Kaieteur News merely seeks truthful and believable answers. These have not been forthcoming. It is and has been the nature of the beast.
The simple truth is that the enormous benefits gained from the vulgar levels of corruption and unrestrained abuse of power has now become addictive. It is disturbing, if not dangerous.
The ‘good life’ has so embedded itself in the minds of those in political authority, that they are quite satisfied to remain in a state of denial for the sole purpose of living large, by any means necessary.
Why else would there be so many laughable and absolutely embarrassing attempts to justify all the illogical decisions and inexplicable commitments that are not only emptying our treasury, but creating unimaginable debt?
For example, the nation’s administrators want us to accept blindly that a Marriott-branded hotel, into which billions of your dollars is being pumped, is profitable and an absolute necessity.
Is it? So why is the government so anxious to break-off from its so-called “partnership”? And why aren’t its public ‘partners’ enthusiastic about stepping forward boldly and telling us their extravagant plans for our tourism industry?

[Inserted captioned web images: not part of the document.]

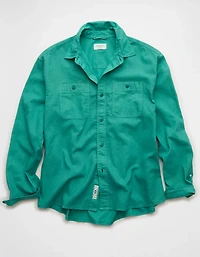 AE Relaxed Fit Linen-Blend Button-Up Shirt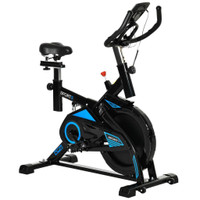 STATIONARY EXERCISE BIKE INDOOR CARDIO WORKOUT CYCLING BICYCLE W/ HEART PULSE SENSOR &amp; LCD MONITOR 28.6LB FLYWHEEL A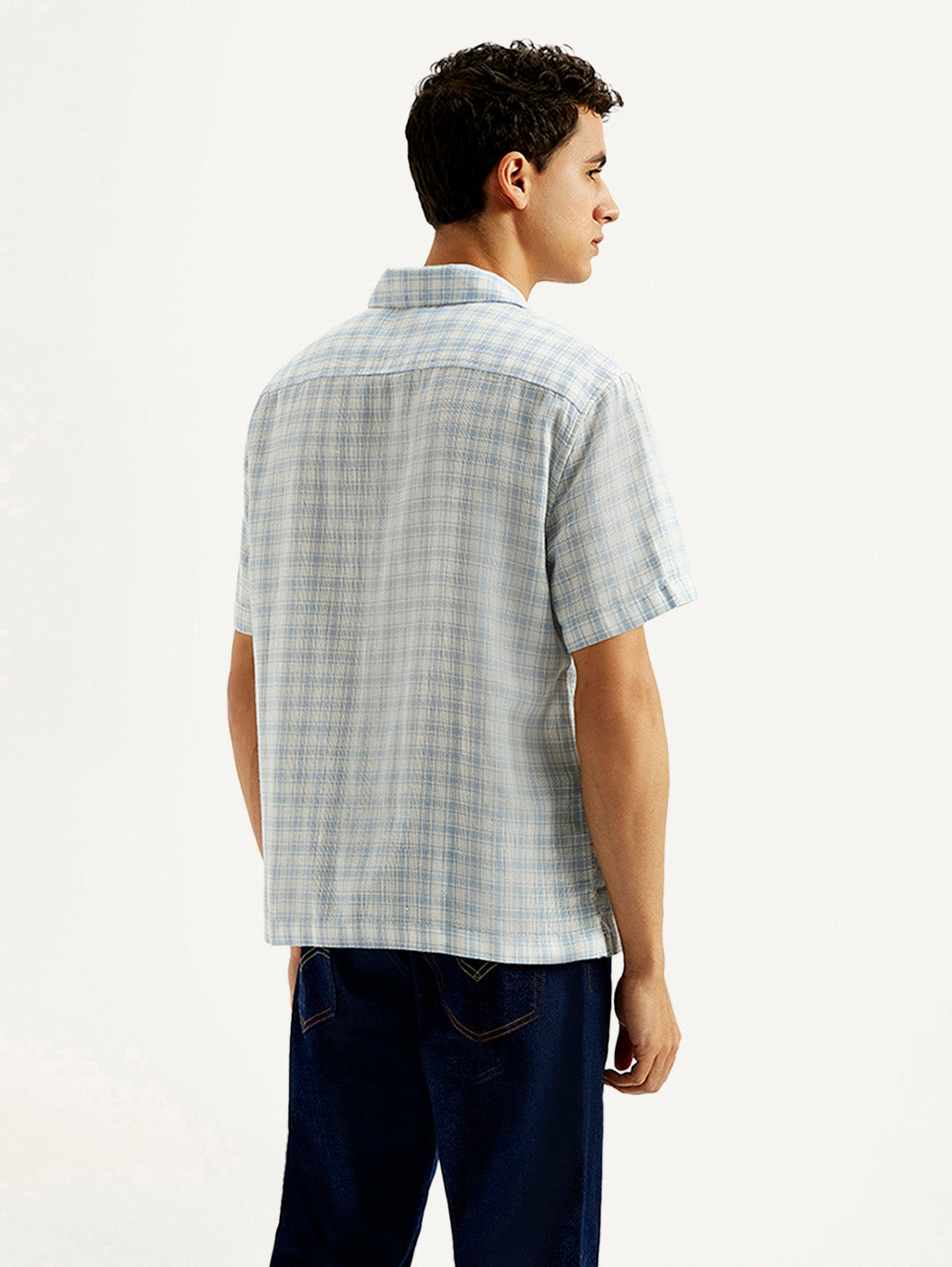 Men's Checkered Slim Fit Camp Linen Shirt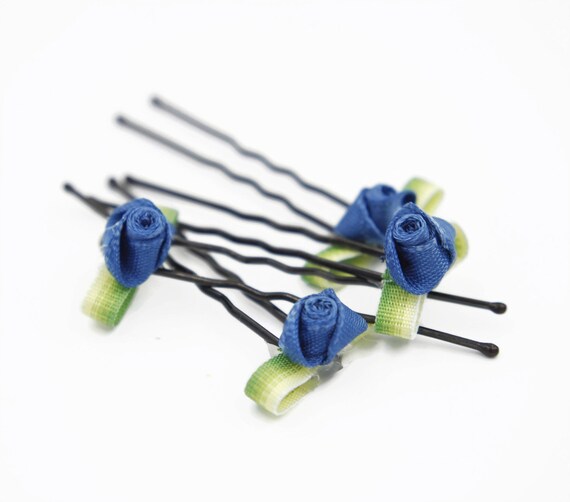 Decorative Hair Pins Blue Flower Hair Pin Blue Rose Hair Etsy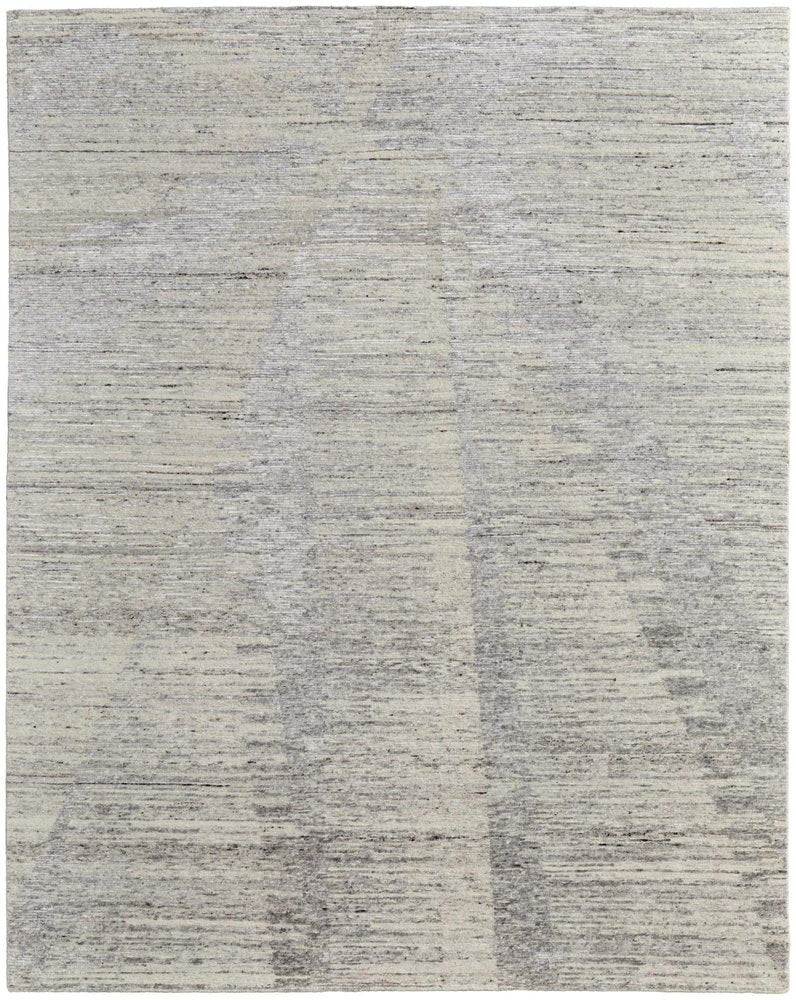 9' X 13' Ivory And Gray Abstract Hand Knotted Distressed Area Rug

Why? Because the real objective has been to illegally use your hard-earned money to build the hotel and then to ‘legally’ pass it on to those who were in a position to hatch the devious plan in the first place.
Consider this. There is a massive government-owned building (an intended major hotel) that is in an advanced state of construction aback of Princess Hotel at Providence. We ask. Would it not have cost significantly less to finish that edifice, even if it requires extensions, and let it serve the same purpose?
But before this, there was the contentious Sanata Complex deal, which saw numerous concessions being granted, and laws being passed after the fact to legalise that which had been proven to be irregular.
What about ‘Fip’ Motilall being awarded a US$15.4M road contract, despite Kaieteur News providing proof that he had absolutely no prior experience or know-how? Despite having his contract terminated, the so-called contractor, who was previously of modest means, walked away at least US$10M richer after selling the licence to Sithe Global. His validity was argued from beginning to end by the administration. Must we not question such judgment?
The CLICO fiasco saw lawlessness and money squandering beyond measure. The public remains none the wiser as to what exactly took place.
NIS, which has been running at a deficit for years now, invested $6billion in CLICO and lost it all. Yet the media was spoken to dismissively for trying to get to the bottom of the apparent free-for-all.
The US$200M Skeldon factory, commissioned three years ago, and the US$12M Enmore packaging plant have been scandals. The numerous explanations and excuses have never been convincing.
And then there is the US$150M Airport expansion project at Timehri. The imminent Delta pull-out supports our view that the venture, if not totally without merit, is risky at best. The taxpayers again feel the squeeze. Should we not highlight this?
How about those GPL generators for which the annual rent is as much as new sets would cost? Will this wanton waste never end?
The GPL convinces the man-in-the-street about the crucial need for an independent fibre optic cable, and tells taxpayers that they sought the very best price. Cheap, they say. But we are not told of the astronomical cost to lay the cable – several times more than the item. Is this not deception?
What about the advertised multi-million-dollar projects in far-flung areas which no one can properly account for, and in some cases, have never been completed. Is it not our duty to question this?
Is it not pertinent to ask why roadways are deteriorating weeks after being built or rehabilitated?
A $600 million structure sits unoccupied at Princes and High Streets in Georgetown. Could that money not have been used more effectively? Is it wrong to ask?
Why would an admittedly poor country, which is already in heavy debt, invest in a hydropower project that will eventually (long term interest and inflation considered) cost taxpayers a mind-boggling two billion dollars?
Only a chosen few among us know the reason.
Why must taxpayers be made to believe that shares in Hand-in-Hand Trust were not a worthwhile investment, when the government official who is the custodian of their money, and who has the first option, encourages his sibling to invest wholeheartedly?
Why is it seen as having an agenda when it is queried why money that should go to the Consolidated Fund is not directed there?
And why do statistics provided by government and other documentation relevant to taxpayers’ dollars always seem to confuse those on the outside looking in? Is it that only government has financial wizards?
We never get straight answers, but logic is our guide and it serves us well.
We have been accused of targeting certain officials, but what are we to conclude if all of our queries invariably lead to a clique of well-endowed persons?